:: Data under study ::
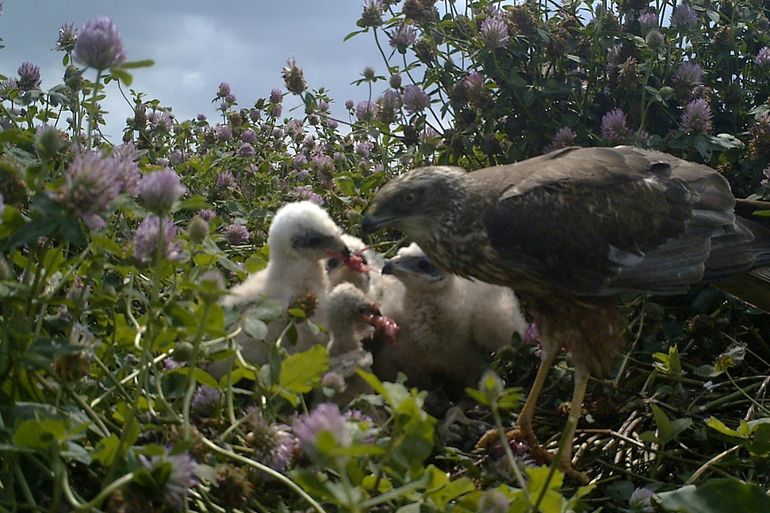 Mannetje bruine kiekendief verdeelt prooistukken aan de jongen, 12 juli 2019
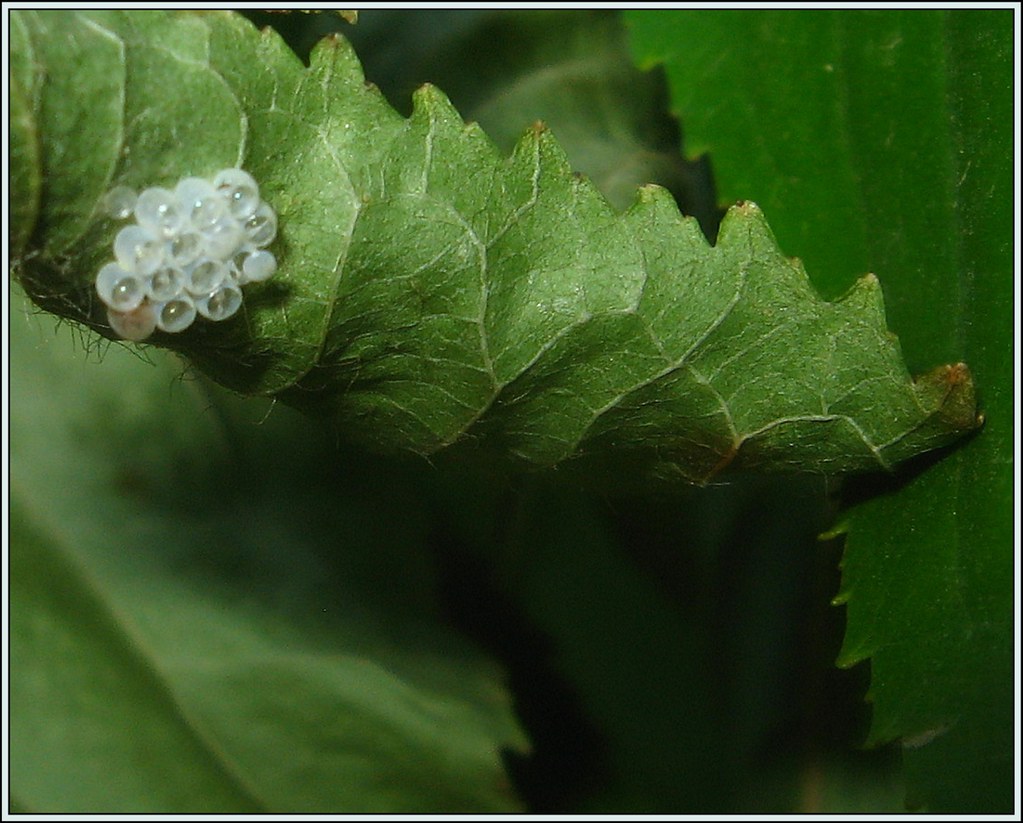 Eggs on a Cherry Leaf I spotted these tiny eggs on the bac… Flickr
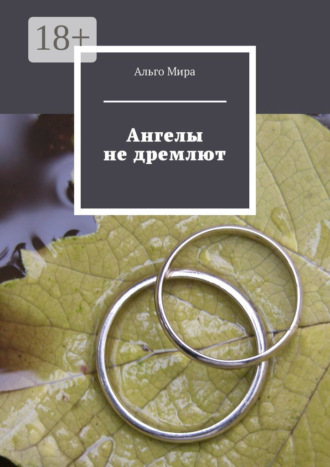 Обложка книги «Ангелы не дремлют»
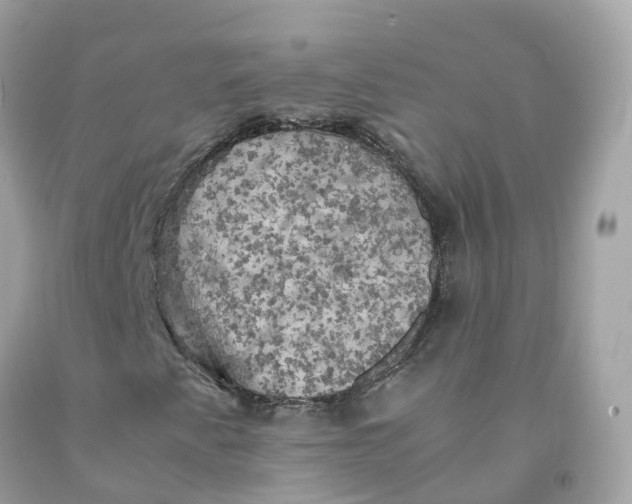 X0000091481345200709061830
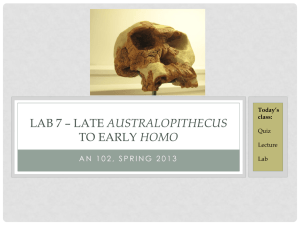 Lab 7- Late Australopithecines/ early Homo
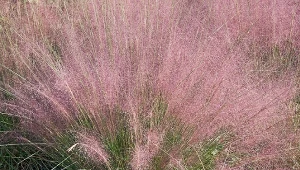 Miskant chiński „Flamingo”  podczas kwitnienia osiąga nawet dwa metry wysokości.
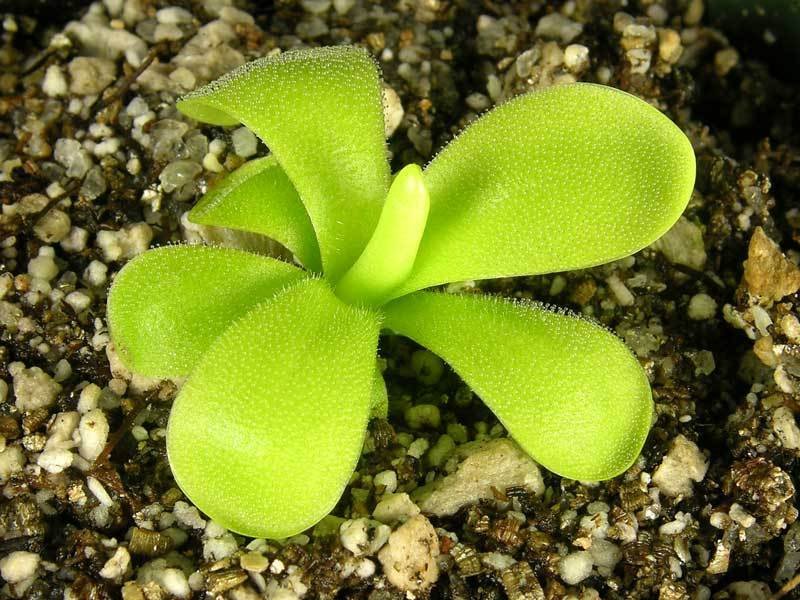 Pinguicula, Butterwort Tina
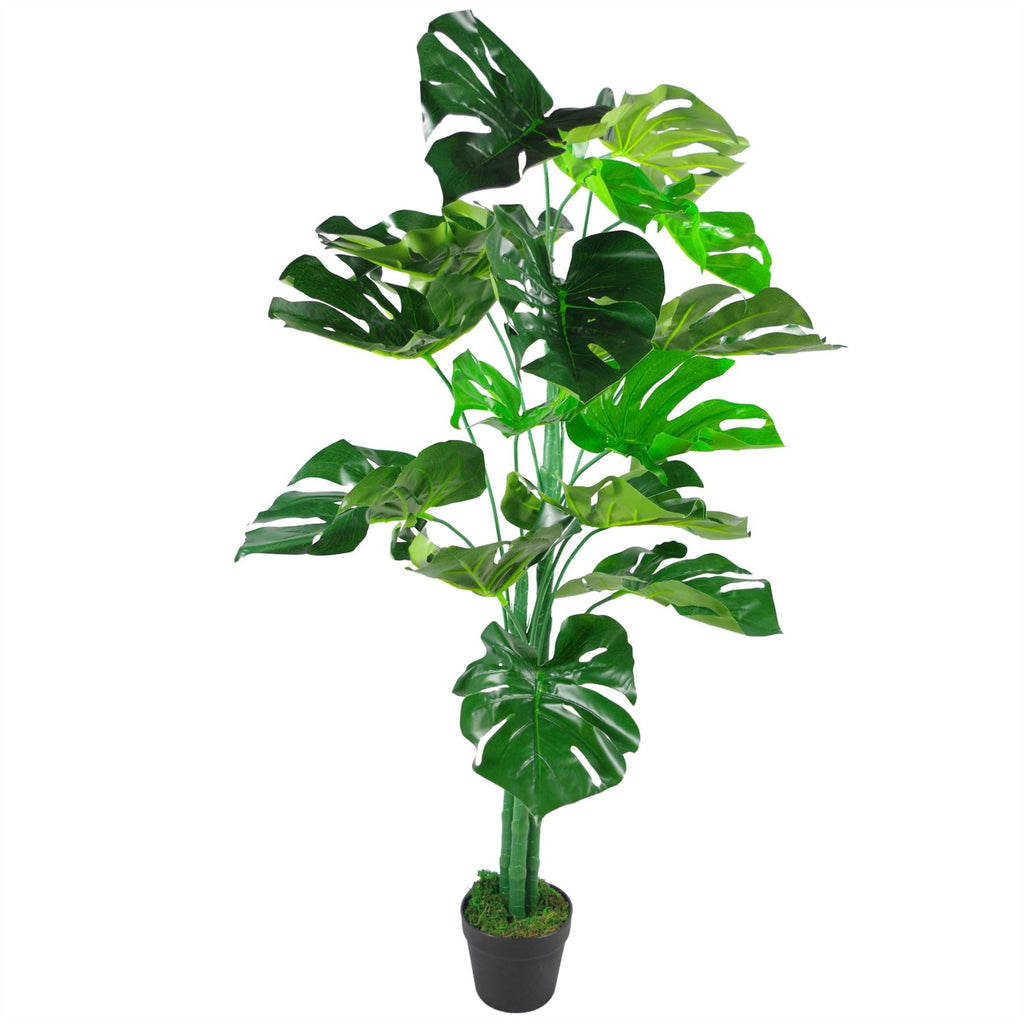 Split-Leaf Monstera Display Plant - 120 cm - view 2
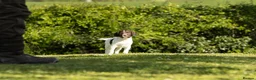 English Springer Spaniel dogs for sale: Fourth generation home bred puppies. in Whitchurch - Advert 17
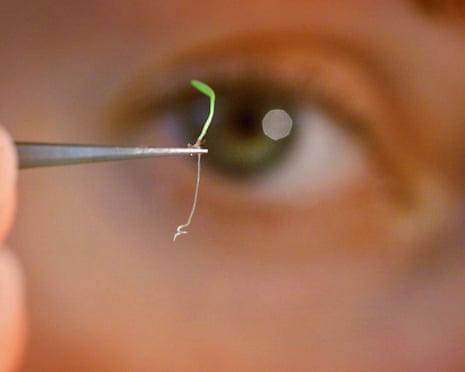 A close-up of a seedling held in a pair of tweezers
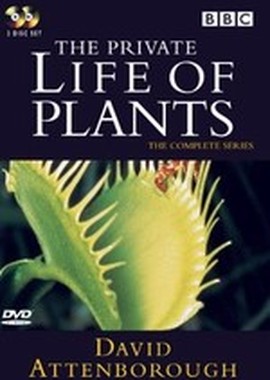 BBC: Невидимая жизнь растений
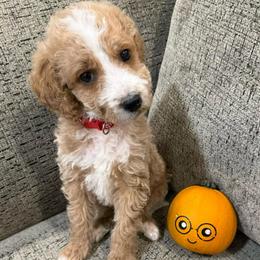 Harry - Apricot male Goldendoodle puppy in Conroe, Texas from Tails of Cypress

:: Your task ::
Return all records above verbatim without their pictures.

:: Response below ::
 Mannetje bruine kiekendief verdeelt prooistukken aan de jongen, 12 juli 2019
 Eggs on a Cherry Leaf I spotted these tiny eggs on the bac… Flickr
 Обложка книги «Ангелы не дремлют»
 X0000091481345200709061830
 Lab 7- Late Australopithecines/ early Homo
 Miskant chiński „Flamingo”  podczas kwitnienia osiąga nawet dwa metry wysokości.
 Pinguicula, Butterwort Tina
 Split-Leaf Monstera Display Plant - 120 cm - view 2
 English Springer Spaniel dogs for sale: Fourth generation home bred puppies. in Whitchurch - Advert 17
 A close-up of a seedling held in a pair of tweezers
 BBC: Невидимая жизнь растений
 Harry - Apricot male Goldendoodle puppy in Conroe, Texas from Tails of Cypress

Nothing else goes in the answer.